A New Media Paradigm. Part I
A New Media Paradigm. Part II
The point is not really the type of music you like, so I apologize to all the Country Music fans I’ve offended even though my true opinion is in fact that I’d rather have my ears Van Goghed than listen to it.
It’s all about the money.
In the vinyl business model your $12 album paid about $2 to the store and about the same to the artist. The rest went to the greedy bastards in the music business. Especially during the transition to digital when you had to buy everything twice this was quite a lucrative racket and enabled Record companies to pay Sports Star advances to people like Michael Jackson, Prince, and Madonna.
The interesting thing about advances is that they are advances against future revenues, so it’s not like any of those people were getting real money, what they were getting was the same old $2 only all in a lump up front. Don’t produce, lose your popularity, sell less, and some soulless accountant shows up at your bling bedecked mansion and tells you your blow budget is cut off.
Bummer to be you dude.
But the soulless accountant and his record company exec friends were still Aok until they started sailing off the shores of digital Somalia.
When you start cutting into Polygram’s blow budget now you’re in for some trouble dude.
I’m both a purist and a technician and I know that it’s simply not possible to duplicate all the information contained in analog media, but as you keep getting incrementally nearer the limits of your derivative you rapidly approach something that is close enough for jazz. Your brain will fill in the missing pieces.

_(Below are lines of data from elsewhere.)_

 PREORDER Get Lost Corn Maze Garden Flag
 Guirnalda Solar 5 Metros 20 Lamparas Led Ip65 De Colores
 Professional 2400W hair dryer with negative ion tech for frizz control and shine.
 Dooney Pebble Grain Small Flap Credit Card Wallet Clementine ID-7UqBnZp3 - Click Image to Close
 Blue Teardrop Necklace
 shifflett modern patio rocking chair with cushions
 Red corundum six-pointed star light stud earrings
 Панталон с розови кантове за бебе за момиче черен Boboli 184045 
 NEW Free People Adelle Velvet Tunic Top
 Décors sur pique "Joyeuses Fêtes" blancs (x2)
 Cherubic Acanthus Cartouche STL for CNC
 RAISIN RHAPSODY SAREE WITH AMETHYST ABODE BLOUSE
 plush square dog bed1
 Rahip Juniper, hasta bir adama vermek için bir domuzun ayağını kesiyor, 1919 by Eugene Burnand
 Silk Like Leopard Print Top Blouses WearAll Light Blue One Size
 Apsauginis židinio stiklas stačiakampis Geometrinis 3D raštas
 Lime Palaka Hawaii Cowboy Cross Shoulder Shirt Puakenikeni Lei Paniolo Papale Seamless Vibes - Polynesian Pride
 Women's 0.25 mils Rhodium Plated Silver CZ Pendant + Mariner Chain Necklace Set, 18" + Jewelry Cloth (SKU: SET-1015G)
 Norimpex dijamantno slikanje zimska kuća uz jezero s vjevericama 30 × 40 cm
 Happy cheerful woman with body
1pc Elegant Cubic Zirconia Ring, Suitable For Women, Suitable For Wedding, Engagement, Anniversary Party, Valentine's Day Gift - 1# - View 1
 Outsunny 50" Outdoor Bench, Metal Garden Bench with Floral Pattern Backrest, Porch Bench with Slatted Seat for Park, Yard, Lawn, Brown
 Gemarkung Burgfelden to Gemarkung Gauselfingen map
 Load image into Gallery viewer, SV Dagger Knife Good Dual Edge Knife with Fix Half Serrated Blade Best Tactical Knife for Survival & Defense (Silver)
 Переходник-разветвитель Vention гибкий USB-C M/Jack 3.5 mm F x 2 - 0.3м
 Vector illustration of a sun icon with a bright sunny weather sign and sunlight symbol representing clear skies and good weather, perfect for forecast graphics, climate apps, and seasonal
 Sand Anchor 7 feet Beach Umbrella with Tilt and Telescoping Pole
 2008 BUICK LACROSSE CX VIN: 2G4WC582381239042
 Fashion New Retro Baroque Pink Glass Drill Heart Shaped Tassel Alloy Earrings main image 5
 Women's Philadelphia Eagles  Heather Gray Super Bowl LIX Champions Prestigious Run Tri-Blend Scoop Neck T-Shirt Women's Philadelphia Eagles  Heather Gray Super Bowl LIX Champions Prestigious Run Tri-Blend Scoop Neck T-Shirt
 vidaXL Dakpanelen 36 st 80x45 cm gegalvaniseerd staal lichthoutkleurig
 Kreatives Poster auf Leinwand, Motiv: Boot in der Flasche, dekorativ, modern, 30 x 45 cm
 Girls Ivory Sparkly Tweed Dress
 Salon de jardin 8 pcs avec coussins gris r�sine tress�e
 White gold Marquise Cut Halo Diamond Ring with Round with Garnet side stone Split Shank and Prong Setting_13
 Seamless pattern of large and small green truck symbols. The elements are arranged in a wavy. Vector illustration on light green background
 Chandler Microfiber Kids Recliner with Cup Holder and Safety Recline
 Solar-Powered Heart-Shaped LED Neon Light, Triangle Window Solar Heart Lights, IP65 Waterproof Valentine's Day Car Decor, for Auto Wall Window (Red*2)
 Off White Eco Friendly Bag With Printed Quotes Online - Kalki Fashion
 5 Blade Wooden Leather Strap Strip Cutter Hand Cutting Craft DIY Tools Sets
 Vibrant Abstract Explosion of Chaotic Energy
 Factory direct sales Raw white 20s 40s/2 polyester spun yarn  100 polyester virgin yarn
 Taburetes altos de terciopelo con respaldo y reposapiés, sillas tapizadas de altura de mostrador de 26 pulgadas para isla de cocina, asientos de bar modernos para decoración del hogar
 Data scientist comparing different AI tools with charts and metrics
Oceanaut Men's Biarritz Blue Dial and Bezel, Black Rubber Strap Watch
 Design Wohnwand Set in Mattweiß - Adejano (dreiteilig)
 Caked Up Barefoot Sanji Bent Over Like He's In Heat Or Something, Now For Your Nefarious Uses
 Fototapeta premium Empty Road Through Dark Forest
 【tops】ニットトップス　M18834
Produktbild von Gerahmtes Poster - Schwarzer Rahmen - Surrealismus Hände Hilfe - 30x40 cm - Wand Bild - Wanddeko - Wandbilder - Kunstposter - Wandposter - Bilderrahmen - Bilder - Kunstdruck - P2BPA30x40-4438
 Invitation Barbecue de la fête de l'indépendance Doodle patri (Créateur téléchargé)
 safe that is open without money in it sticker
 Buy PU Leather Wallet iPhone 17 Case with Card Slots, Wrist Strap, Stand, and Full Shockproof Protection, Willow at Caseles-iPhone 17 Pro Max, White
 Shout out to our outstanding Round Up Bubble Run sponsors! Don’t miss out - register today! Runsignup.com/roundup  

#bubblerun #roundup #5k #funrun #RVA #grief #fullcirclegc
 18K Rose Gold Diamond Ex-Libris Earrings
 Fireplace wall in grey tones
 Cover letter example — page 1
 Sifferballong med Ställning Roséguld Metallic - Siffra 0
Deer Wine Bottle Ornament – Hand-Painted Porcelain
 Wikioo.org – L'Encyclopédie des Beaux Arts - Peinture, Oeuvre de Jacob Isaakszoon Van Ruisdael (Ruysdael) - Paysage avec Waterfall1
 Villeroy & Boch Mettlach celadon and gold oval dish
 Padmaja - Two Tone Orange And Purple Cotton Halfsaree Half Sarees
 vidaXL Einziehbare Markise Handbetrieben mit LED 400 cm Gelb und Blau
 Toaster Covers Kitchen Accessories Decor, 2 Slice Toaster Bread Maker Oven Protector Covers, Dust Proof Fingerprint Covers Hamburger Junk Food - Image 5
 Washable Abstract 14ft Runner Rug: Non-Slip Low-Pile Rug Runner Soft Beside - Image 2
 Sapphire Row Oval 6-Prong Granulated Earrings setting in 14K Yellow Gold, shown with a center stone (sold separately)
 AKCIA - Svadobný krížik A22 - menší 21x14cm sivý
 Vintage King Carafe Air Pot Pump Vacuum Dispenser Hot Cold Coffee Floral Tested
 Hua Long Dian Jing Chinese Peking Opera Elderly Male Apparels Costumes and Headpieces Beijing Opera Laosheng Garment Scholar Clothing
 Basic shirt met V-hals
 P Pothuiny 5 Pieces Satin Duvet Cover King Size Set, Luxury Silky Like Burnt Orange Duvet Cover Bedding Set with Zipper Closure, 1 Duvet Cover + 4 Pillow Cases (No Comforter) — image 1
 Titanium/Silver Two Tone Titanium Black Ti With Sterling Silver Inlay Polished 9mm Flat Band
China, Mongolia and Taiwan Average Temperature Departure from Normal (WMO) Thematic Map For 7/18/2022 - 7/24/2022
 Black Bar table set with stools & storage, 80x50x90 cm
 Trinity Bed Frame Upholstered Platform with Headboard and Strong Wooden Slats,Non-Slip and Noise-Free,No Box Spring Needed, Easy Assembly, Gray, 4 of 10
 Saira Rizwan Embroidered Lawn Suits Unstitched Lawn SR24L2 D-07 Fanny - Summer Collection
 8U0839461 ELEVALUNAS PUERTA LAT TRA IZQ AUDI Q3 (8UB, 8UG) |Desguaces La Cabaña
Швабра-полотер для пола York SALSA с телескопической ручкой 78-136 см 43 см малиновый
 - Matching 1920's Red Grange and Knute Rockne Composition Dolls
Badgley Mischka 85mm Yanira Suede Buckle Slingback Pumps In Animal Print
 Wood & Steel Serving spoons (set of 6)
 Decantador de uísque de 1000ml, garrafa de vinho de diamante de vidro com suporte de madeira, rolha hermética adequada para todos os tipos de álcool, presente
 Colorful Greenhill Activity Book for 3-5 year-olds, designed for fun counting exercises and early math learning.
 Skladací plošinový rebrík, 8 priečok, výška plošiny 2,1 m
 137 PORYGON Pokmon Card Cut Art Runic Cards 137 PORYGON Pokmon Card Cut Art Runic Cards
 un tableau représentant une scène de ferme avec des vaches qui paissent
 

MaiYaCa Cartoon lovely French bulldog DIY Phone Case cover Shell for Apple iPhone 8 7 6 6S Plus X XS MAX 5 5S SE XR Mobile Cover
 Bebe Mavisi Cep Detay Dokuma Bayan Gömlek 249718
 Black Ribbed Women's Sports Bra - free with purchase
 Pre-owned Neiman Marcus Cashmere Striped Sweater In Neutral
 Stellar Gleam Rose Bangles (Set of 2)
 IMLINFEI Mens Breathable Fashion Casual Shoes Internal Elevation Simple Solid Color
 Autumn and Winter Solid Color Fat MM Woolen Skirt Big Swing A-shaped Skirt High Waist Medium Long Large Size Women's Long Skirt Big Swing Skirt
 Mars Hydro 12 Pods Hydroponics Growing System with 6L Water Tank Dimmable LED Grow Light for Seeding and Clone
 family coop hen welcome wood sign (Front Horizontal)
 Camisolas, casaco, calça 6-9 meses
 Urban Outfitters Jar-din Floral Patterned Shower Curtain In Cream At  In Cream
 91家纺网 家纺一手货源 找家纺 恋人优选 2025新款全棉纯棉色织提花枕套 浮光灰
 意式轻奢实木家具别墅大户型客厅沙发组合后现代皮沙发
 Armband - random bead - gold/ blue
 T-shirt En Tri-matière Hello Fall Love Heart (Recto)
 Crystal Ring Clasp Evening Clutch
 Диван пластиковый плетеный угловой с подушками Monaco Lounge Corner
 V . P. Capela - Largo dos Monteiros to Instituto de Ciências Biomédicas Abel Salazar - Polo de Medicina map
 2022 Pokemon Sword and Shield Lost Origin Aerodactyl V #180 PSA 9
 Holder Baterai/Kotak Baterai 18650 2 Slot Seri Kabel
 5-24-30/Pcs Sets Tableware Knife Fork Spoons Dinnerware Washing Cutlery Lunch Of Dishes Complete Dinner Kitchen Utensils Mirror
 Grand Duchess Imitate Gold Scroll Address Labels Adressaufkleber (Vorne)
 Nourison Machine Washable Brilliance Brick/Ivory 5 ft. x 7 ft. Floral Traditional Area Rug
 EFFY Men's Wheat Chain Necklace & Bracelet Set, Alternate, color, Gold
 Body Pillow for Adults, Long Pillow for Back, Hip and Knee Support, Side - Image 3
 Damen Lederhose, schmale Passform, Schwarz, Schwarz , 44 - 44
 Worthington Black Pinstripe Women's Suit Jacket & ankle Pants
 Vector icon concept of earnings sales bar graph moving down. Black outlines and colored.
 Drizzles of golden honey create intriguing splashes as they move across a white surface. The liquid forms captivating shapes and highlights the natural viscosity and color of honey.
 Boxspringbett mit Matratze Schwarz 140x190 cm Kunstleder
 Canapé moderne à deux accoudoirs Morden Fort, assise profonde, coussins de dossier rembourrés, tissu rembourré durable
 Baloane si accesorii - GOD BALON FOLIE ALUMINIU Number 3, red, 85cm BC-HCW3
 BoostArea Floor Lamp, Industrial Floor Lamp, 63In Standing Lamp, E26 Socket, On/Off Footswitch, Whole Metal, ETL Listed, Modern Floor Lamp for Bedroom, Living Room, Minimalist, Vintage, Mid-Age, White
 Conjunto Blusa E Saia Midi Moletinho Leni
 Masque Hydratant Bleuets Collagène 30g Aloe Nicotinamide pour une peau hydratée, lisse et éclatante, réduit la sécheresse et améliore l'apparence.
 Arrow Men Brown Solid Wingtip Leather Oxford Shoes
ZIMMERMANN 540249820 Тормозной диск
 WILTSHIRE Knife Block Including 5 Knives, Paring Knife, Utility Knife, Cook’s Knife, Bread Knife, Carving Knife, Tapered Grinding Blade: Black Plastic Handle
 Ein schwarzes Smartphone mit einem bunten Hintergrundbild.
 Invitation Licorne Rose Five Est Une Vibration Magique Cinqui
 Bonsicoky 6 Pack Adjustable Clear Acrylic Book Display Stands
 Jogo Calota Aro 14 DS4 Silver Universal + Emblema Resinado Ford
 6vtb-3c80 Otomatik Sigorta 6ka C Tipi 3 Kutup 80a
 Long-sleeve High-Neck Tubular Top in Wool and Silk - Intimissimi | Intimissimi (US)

But once digitized the question simply becomes how many. If you can play it you can duplicate it, maybe not exactly but close enough for government work (much less than you need for jazz) which is exactly where the execs went to protect their intellectual property. Unfortunately for them the world is flat and different cultures have different ideas about what exactly property and ownership mean. Ask Scandinavians (noted pirates and cut throats since Viking times).
So things changed and now you can download your iTunes for $1 a pop and Apple and the artist each get a nickle.
Not quite enough for a swimming pool full of Moet, or even a bathtub.
Still, ya gotta have your bling and the next big thing is concerts and merchandising. Ever wonder why it costs over a grand to get front row for the Stones? You’re paying for Keith’s new liver dude and those things are not cheap, even in China.
It has been democratizing in a way. Now all the artists are starving unless of course you got your start when there was still a mass market and a common culture, but those days are dead as doornails.